Dialectique du terrorisme

6 Novembre 2023 , Rédigé par Réveil Communiste Publié dans #Théorie immédiate, #lutte contre l'impérialisme, #Positions, #Front historique

Révolte des Cipayes, Inde, 1857

Révolte des Cipayes, Inde, 1857

Texte signalé par Bruno Drweski et Axel Moumbaris

Dialectique du terrorisme

Depuis quelques semaines, certains plateaux de télévision nous offrent le spectacle d’une espèce de lynchage médiatique à l’encontre de quiconque hésite ou ose une nuance lorsqu’un journaliste le presse et lui demande : « mais vous condamnez bien le terrorisme du Hamas ? ». 

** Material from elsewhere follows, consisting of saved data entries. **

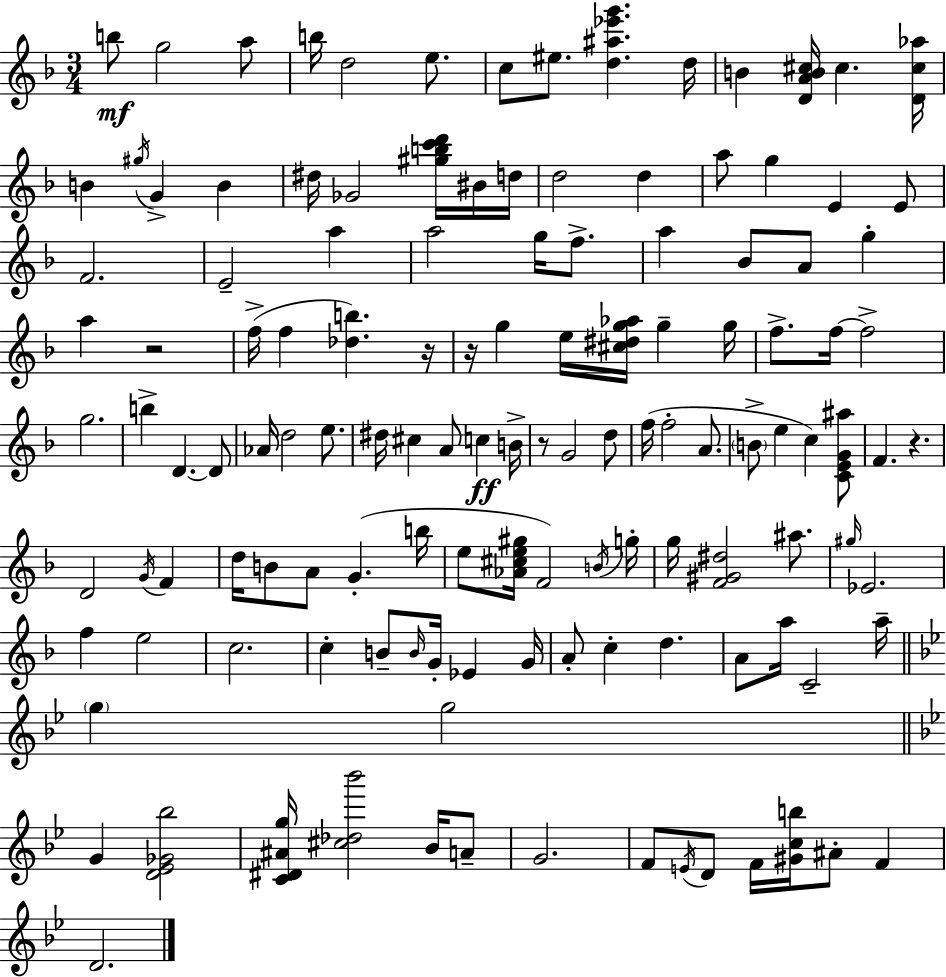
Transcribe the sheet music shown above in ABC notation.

X:1
T:Untitled
M:3/4
L:1/4
K:F
b/2 g2 a/2 b/4 d2 e/2 c/2 ^e/2 [d^a_e'g'] d/4 B [DAB^c]/4 ^c [D^c_a]/4 B ^g/4 G B ^d/4 _G2 [^gbc'd']/4 ^B/4 d/4 d2 d a/2 g E E/2 F2 E2 a a2 g/4 f/2 a _B/2 A/2 g a z2 f/4 f [_db] z/4 z/4 g e/4 [^c^dg_a]/4 g g/4 f/2 f/4 f2 g2 b D D/2 _A/4 d2 e/2 ^d/4 ^c A/2 c B/4 z/2 G2 d/2 f/4 f2 A/2 B/2 e c [CEG^a]/2 F z D2 G/4 F d/4 B/2 A/2 G b/4 e/2 [_A^ce^g]/4 F2 B/4 g/4 g/4 [F^G^d]2 ^a/2 ^g/4 _E2 f e2 c2 c B/2 B/4 G/4 _E G/4 A/2 c d A/2 a/4 C2 a/4 g g2 G [D_E_G_b]2 [C^D^Ag]/4 [^c_d_b']2 _B/4 A/2 G2 F/2 E/4 D/2 F/4 [^Gcb]/4 ^A/2 F D2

Sur la qualification de terrorisme, il n’y a guère à ergoter : tout acte visant essentiellement à inspirer de la terreur à une population civile et ce dans un but politique, idéologique, économique ou autre, doit être considéré comme tel. Tuer des civils, en les bombardant ou en les décapitant, afin d’amener leurs dirigeants à changer de politique ou afin de médiatiser une cause, cela constitue, sans aucun doute possible, du terrorisme. Les actions brutales menées par le Hamas le 7 octobre dernier tombent clairement sous cette définition. Au même titre, bien sûr, que les représailles israéliennes qui ne peuvent en aucun cas être considérées comme des « frappes ciblées » contre les seuls militants du Hamas. Il s’agit bien d’une opération punitive collective, visant à « terroriser » les Gazaouis, afin de leur faire abandonner tout soutien au Hamas. 

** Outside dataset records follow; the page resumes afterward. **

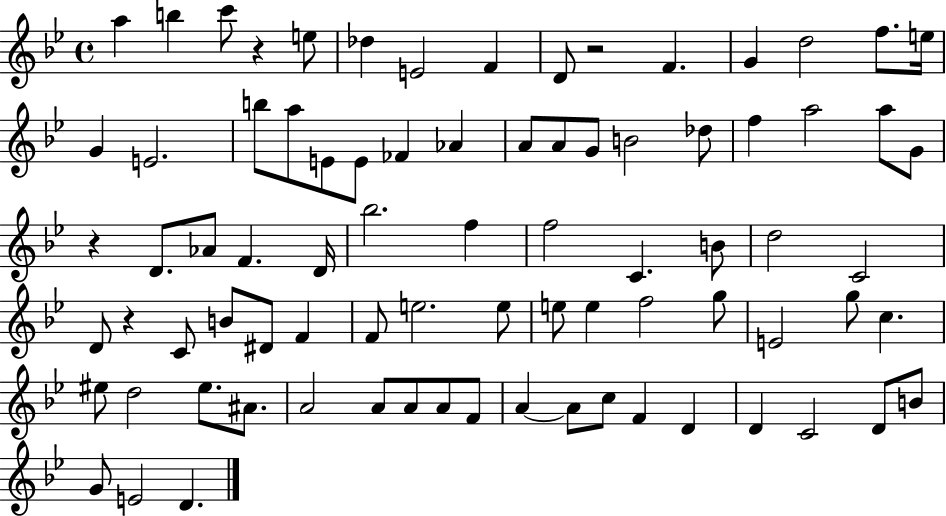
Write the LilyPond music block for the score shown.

{
  \clef treble
  \time 4/4
  \defaultTimeSignature
  \key bes \major
  a''4 b''4 c'''8 r4 e''8 | des''4 e'2 f'4 | d'8 r2 f'4. | g'4 d''2 f''8. e''16 | \break g'4 e'2. | b''8 a''8 e'8 e'8 fes'4 aes'4 | a'8 a'8 g'8 b'2 des''8 | f''4 a''2 a''8 g'8 | \break r4 d'8. aes'8 f'4. d'16 | bes''2. f''4 | f''2 c'4. b'8 | d''2 c'2 | \break d'8 r4 c'8 b'8 dis'8 f'4 | f'8 e''2. e''8 | e''8 e''4 f''2 g''8 | e'2 g''8 c''4. | \break eis''8 d''2 eis''8. ais'8. | a'2 a'8 a'8 a'8 f'8 | a'4~~ a'8 c''8 f'4 d'4 | d'4 c'2 d'8 b'8 | \break g'8 e'2 d'4. | \bar "|."
}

Aux termes de cette définition, les bombardements du 
Blitz allemand sur Londres à partir d’août 1940, qui firent quelque 50.000 victimes civiles, étaient également des actes terroristes (contrairement aux premiers raids, qui avaient visé des centres industriels et des aéroports militaires). Pareillement, il faut qualifier de terroristes un grand nombre de bombardements américains et britanniques sur Berlin, Hambourg ou Dresde, dans la mesure où leur but principal n’était pas de détruire des infrastructures militaires ou industrielles, mais de « saper le moral du peuple allemand » (conférence de Casablanca, 1943). Et nul ne songerait à nier la nature terroriste des bombardement de Tokyo au printemps 1945 (130.000 civils tués) ou de l’utilisation de la bombe atomique sur Hiroshima et Nagasaki. On notera toutefois que les Japonais avaient pareillement terrorisé les populations des territoires qu’ils occupaient, particulièrement en Chine (pays dont on oublie souvent qu’il a connu le plus grand nombre de victimes civiles, après l’URSS, durant la seconde guerre mondiale : entre 7 et 16 millions de morts).

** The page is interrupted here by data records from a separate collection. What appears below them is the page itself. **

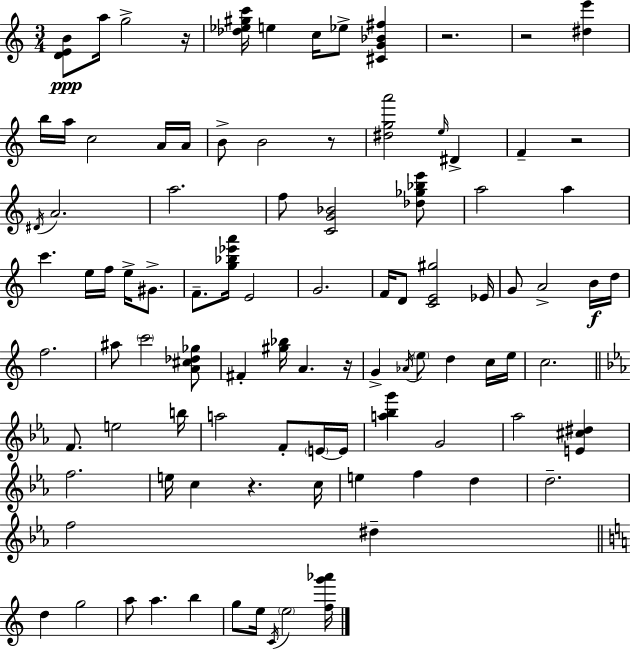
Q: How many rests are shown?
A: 7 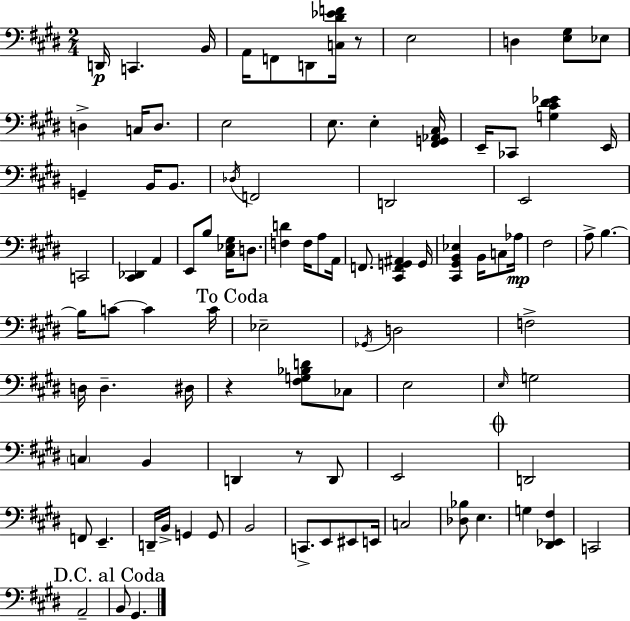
{
  \clef bass
  \numericTimeSignature
  \time 2/4
  \key e \major
  d,16\p c,4. b,16 | a,16 f,8 d,8 <c dis' ees' f'>16 r8 | e2 | d4 <e gis>8 ees8 | \break d4-> c16 d8. | e2 | e8. e4-. <fis, g, aes, cis>16 | e,16-- ces,8 <g cis' dis' ees'>4 e,16 | \break g,4-- b,16 b,8. | \acciaccatura { des16 } f,2 | d,2 | e,2 | \break c,2 | <cis, des,>4 a,4 | e,8 b8 <cis ees gis>16 d8. | <f d'>4 f16 a8 | \break a,16 f,8. <cis, f, g, ais,>4 | g,16 <cis, gis, b, ees>4 b,16 c8 | aes16\mp fis2 | a8-> b4.~~ | \break b16 c'8~~ c'4 | c'16 \mark "To Coda" ees2-- | \acciaccatura { ges,16 } d2 | f2-> | \break d16 d4.-- | dis16 r4 <fis g bes d'>8 | ces8 e2 | \grace { e16 } g2 | \break \parenthesize c4 b,4 | d,4 r8 | d,8 e,2 | \mark \markup { \musicglyph "scripts.coda" } d,2 | \break f,8 e,4.-- | d,16-- b,16-> g,4 | g,8 b,2 | c,8.-> e,8 | \break eis,8 e,16 c2 | <des bes>8 e4. | g4 <dis, ees, fis>4 | c,2 | \break a,2-- | \mark "D.C. al Coda" b,8 gis,4. | \bar "|."
}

Des actes visant délibérément à terroriser les civils peuvent encore être relevés de la part des Etats-Unis lors des guerres de Corée, du Vietnam et d’Irak, de la part de l’URSS en Afghanistan ou de la part des différents belligérants des guerres civiles en Yougoslavie. Aujourd’hui même, certaines opérations russes en Ukraine et certaines « représailles » ukrainiennes ne répondent pas directement à une logique militaire mais visent essentiellement à menacer, punir, démoraliser… les civils des zones ennemies.

En remontant dans le temps, on ne trouvera guère de puissance coloniale qui n’ait commis des actes de terrorisme pour « mater » les populations de ses colonies : la Belgique au Congo, le Royaume Uni en Inde et en Afrique du Sud, la France en Algérie et au Vietnam, l’Espagne au Maroc et en Amérique latine, le Portugal au Mozambique… la liste est interminable.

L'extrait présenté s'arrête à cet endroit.